Thank you, Naji. Moving to slide 24. With Naji's summary of our data, today marks a pivotal milestone in solidifying Kyverna's leadership in the autoimmune CAR-T market. For patients with SPS, we're paving the way for miv-cel to potentially become the first FDA-approved therapy in stiff person syndrome, helping patients reverse their disease.
For the emerging autoimmune CAR-T field, miv-cel is poised to potentially become the first CAR-T cell therapy ever approved in autoimmune diseases, where we believe there's tremendous opportunity for miv-cel to shift the treatment paradigm away from chronic disease management and towards long-term remissions and potential cures. SPS is only the beginning. For Kyverna, if approved, we will have a first-mover advantage with miv-cel, bringing us closer to delivering patient impact at a commercial scale and affirming our pioneering role in this space. In addition, this advantage provides a springboard to launch into broader indications, including myasthenia gravis. Turning to slide 25. I'd like to briefly touch on our compelling commercial opportunity in SPS for miv-cel. As we've previously mentioned, there are approximately 6,000 diagnosed patients in the U.S., which is a larger than previously reported prevalence, and this number is supported by both epidemiology and claims data.
Further, there continues to be ongoing work in SPS diagnostic and treatment guidelines, which we believe will increase awareness of this disease and improve diagnostic rates and access to treatment.

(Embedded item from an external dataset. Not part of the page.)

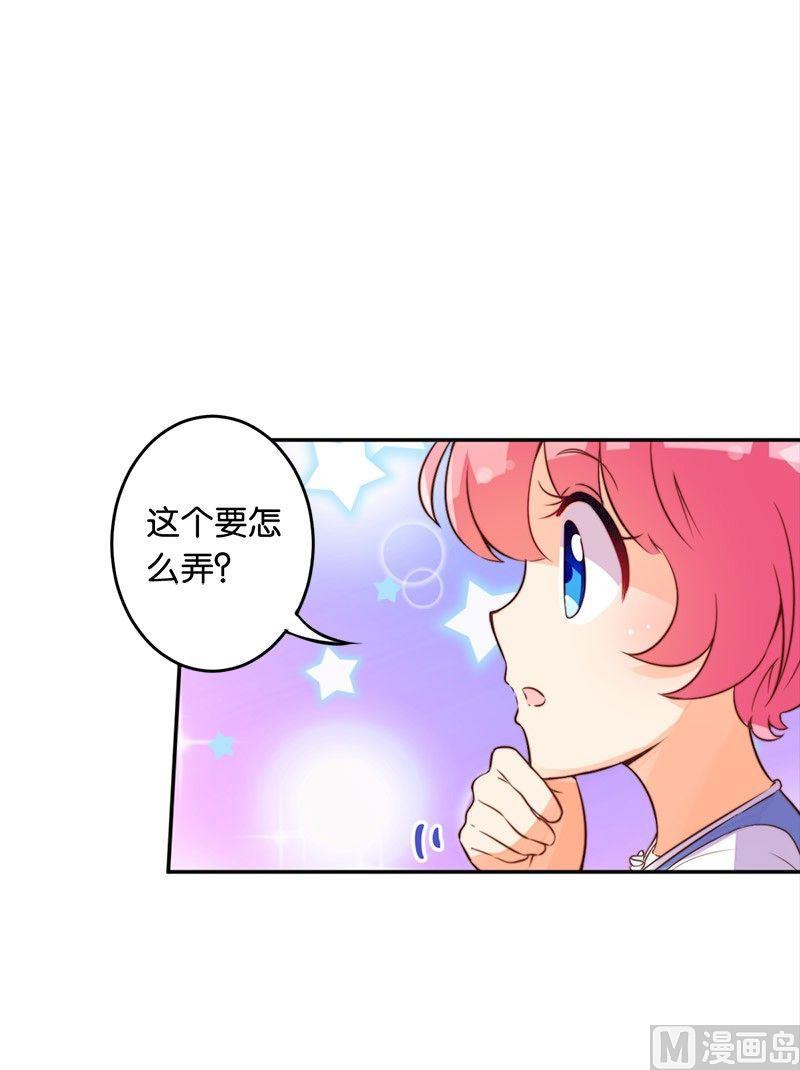 第46话21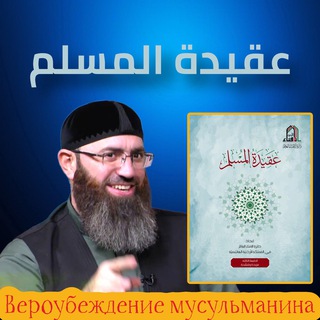 Логотип @shahidov_adam - ahlus sunnah wal jamaah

Our initial priority will focus on patients with the highest unmet need, who are ready for better treatment options. This accounts for 2,000 to 2,500 patients, or roughly 30%-40% of the diagnosed patients who have inadequate response to off-label immunotherapies. In this patient population, we believe miv-cel has the potential to be quickly established as the first and only FDA-approved therapy to deliver an effective and safe treatment alternative. In addition, given the inadequate responses associated with symptomatic treatments, which are used by approximately 90% of diagnosed patients, we believe we can also effectively target these patients over time, based on the real-world clinical evidence, the longer-term follow-up data from our KYSA-8 trial, and with increased education.

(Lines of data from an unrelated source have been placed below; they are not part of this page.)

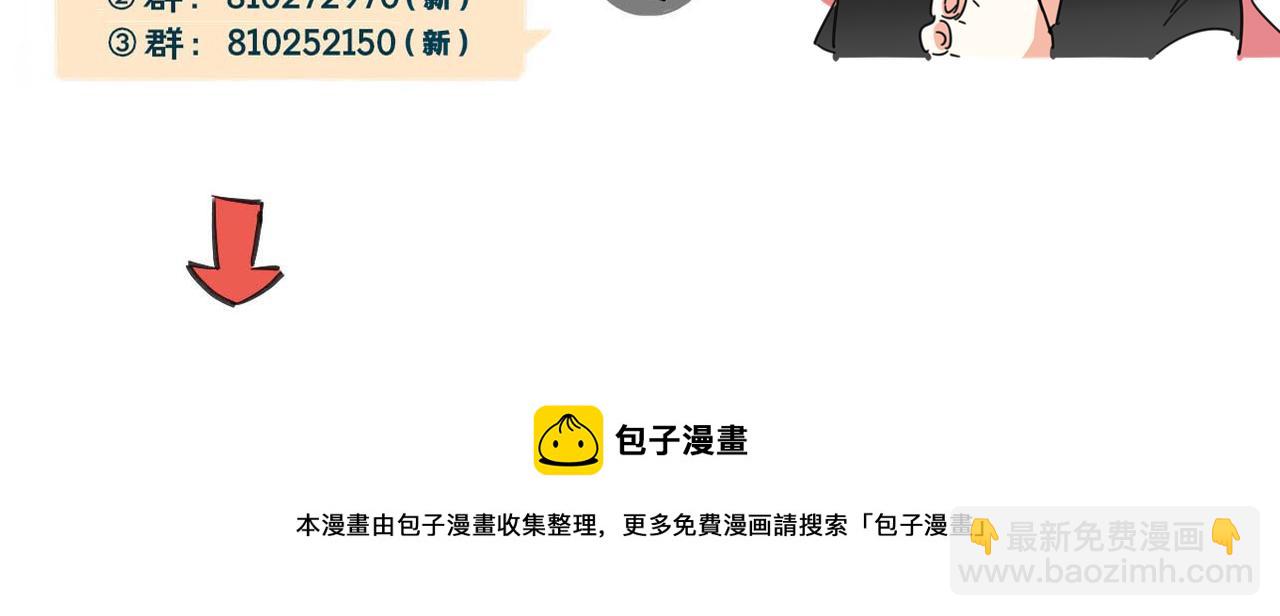 披着狼皮的羊 - 第39話 男人婆(3/3) - 3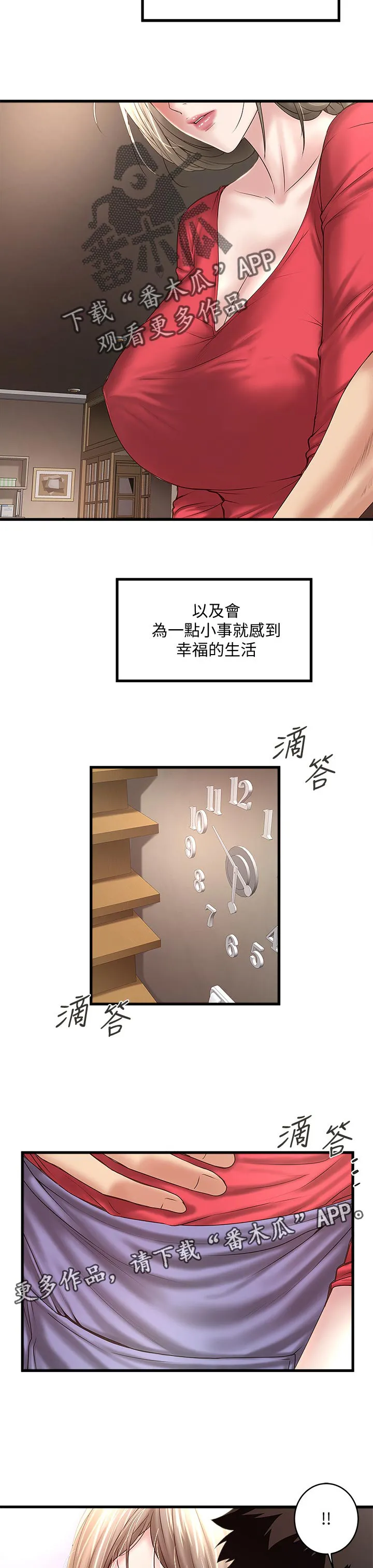 转型作家漫画漫画,第63章：梦寐以求的事2图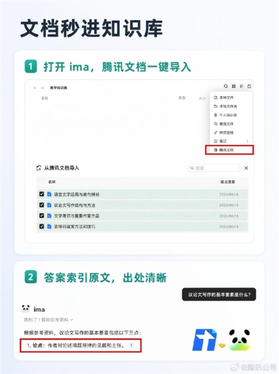 腾讯ai打通了：ima正式接入元宝 一键加入个人知识库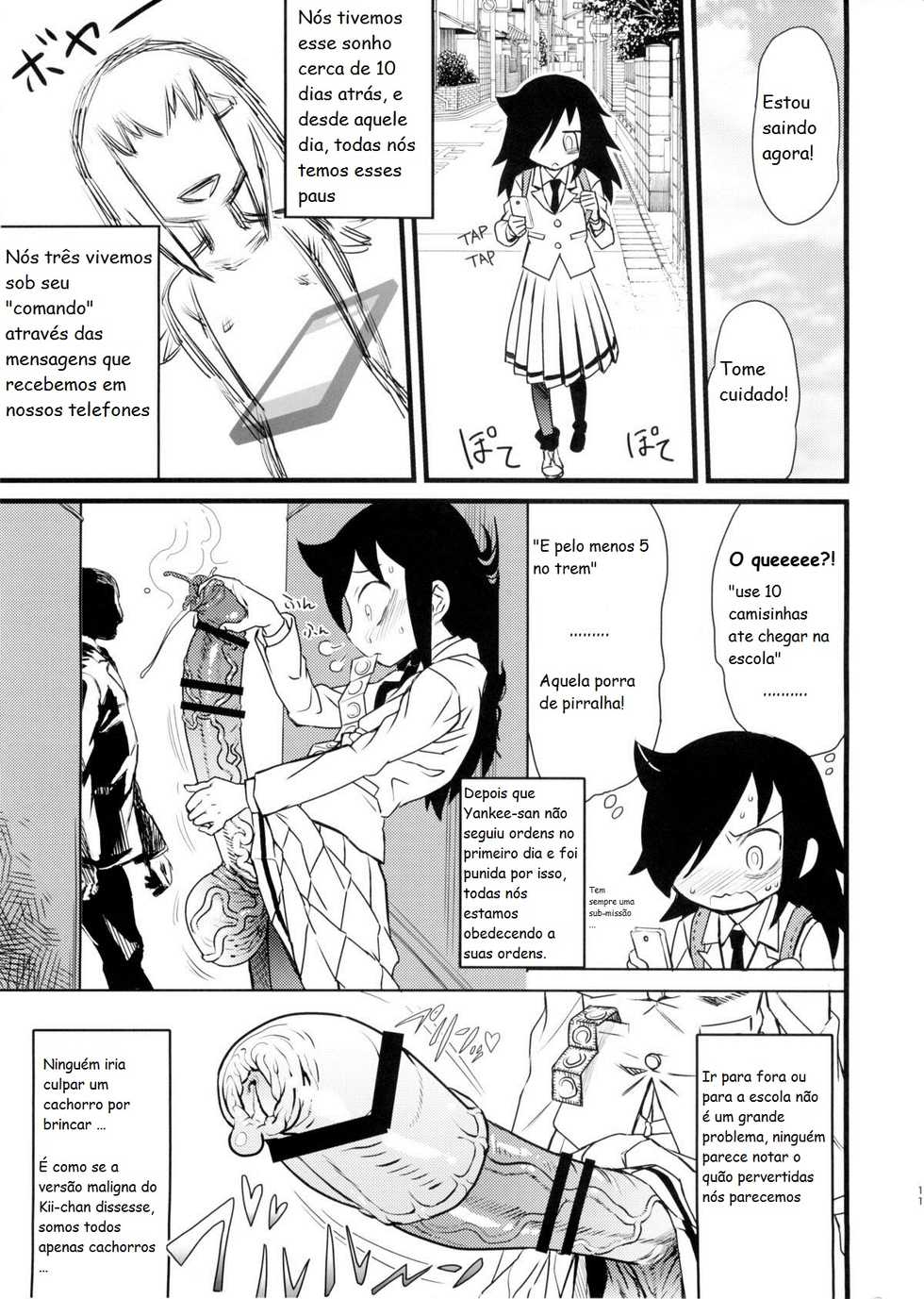 (C88) [Kakumei Seifu Kouhoushitsu (Various)] Memento Moco (Watashi ga Motenai no wa Dou Kangaetemo Omaera ga Warui!) [Portuguese] - Page 11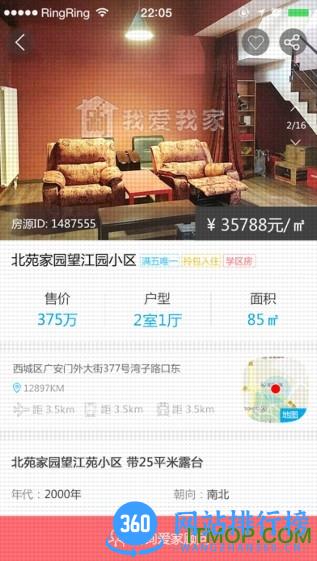 我爱我家5iwork v6.9.0安卓版_附二维码 0
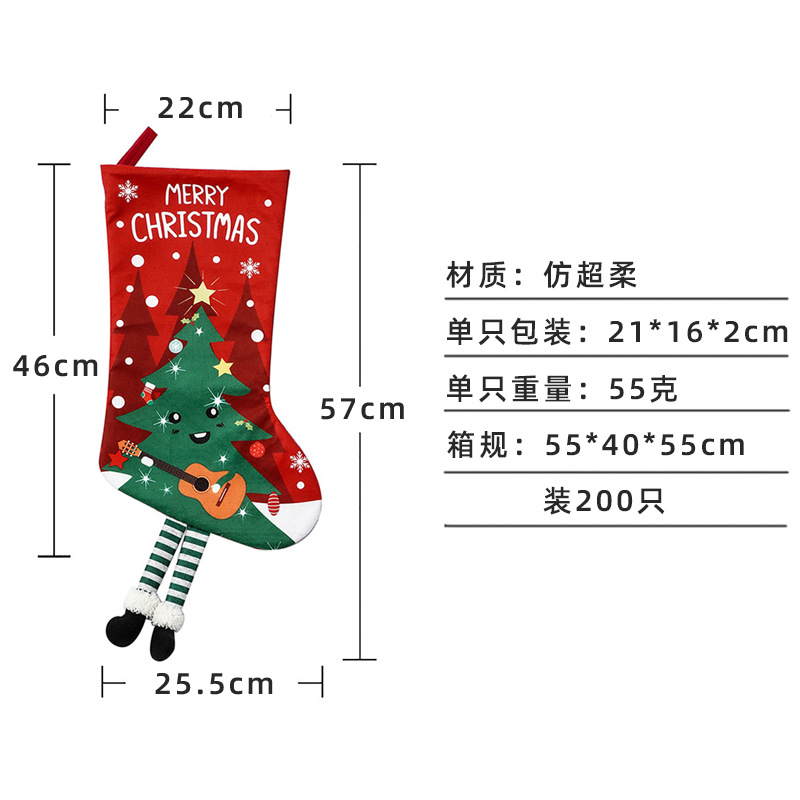 圣诞袜子.jpg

Turning to slide 26. We have a strong conviction in our ability to deliver on this valuable commercial opportunity in SPS and beyond. First, the market dynamics of SPS are attractive given the high unmet need and no approved therapies. There is a meaningful prevalence of approximately 6,000 diagnosed patients. In addition, disease awareness and the adoption of standard diagnostic testing continues to grow, further reinforcing that SPS is an important and defined market. Against these attractive market dynamics, we have a differentiated commercial strategy that will enable us to unlock miv-cel's potential in stiff person syndrome. If approved, we'll be first to market and have the opportunity to establish a price with payers and become entrenched with key centers and physicians. Importantly, we'll be able to do this in a focused way. Patients are concentrated at academic centers, and we know where they are.

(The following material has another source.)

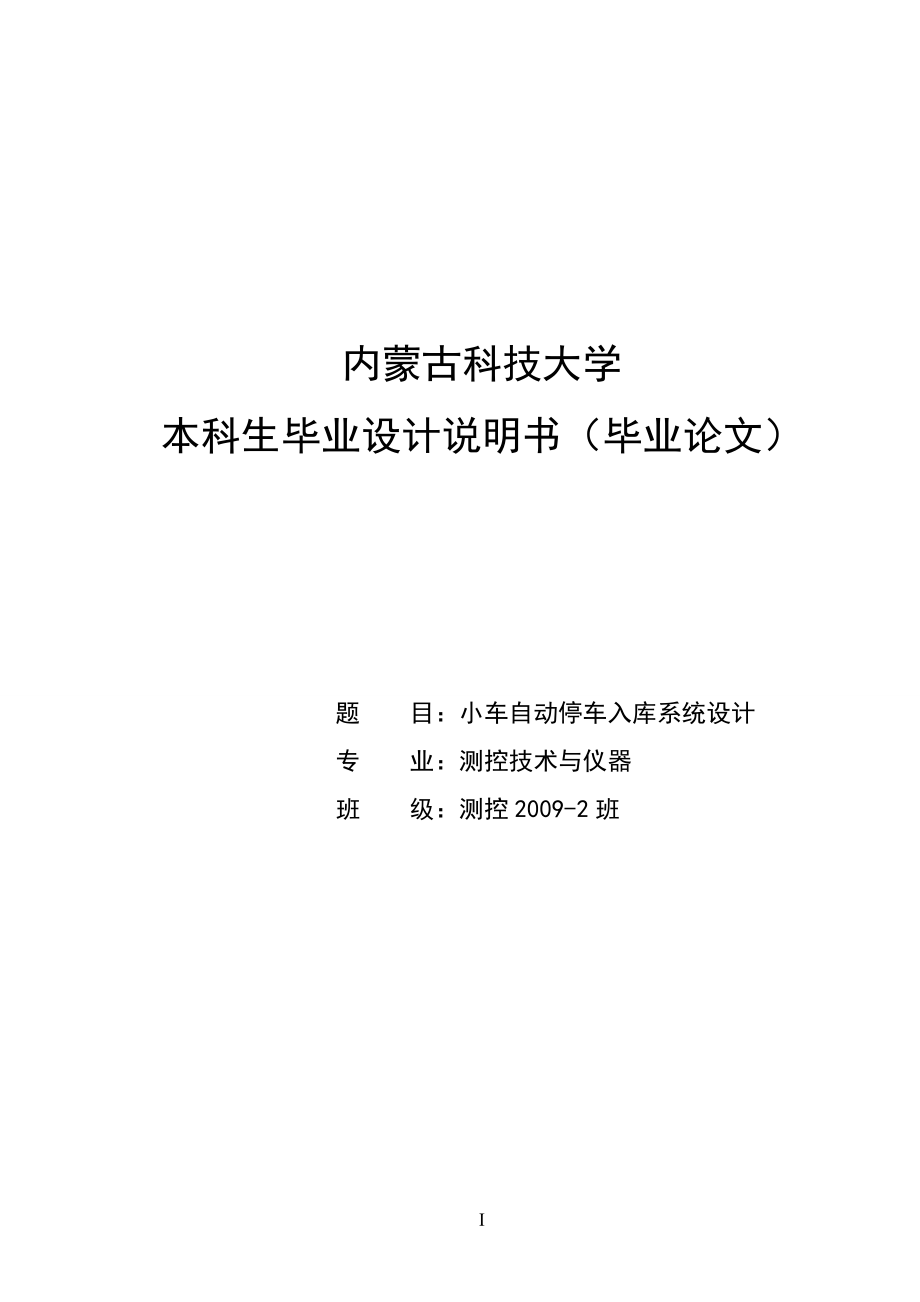 小车自动停车入库系统设计毕业设计说明书1_第1页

And we'll be able to leverage our focused commercial organization and scalable CDMO model, in addition to the existing CAR-T ecosystem, to effectively reach our initial addressable market. Finally, we have a proven leadership team that has significant experience in establishing and growing the CAR-T market. The commercial foundation is just laying the groundwork for SPS and will be critical for supporting our fast-follower strategy for myasthenia gravis, where we have significant franchise synergies and will help us enable a successful and scalable launch into this larger indication. Moving to slide 27. With today's positive results, along with the many other clinical and regulatory milestones we've achieved across our pipeline, we believe we have a promising path forward for our neuroimmunology CAR-T franchise and beyond. We've had a tremendous year of execution in 2025.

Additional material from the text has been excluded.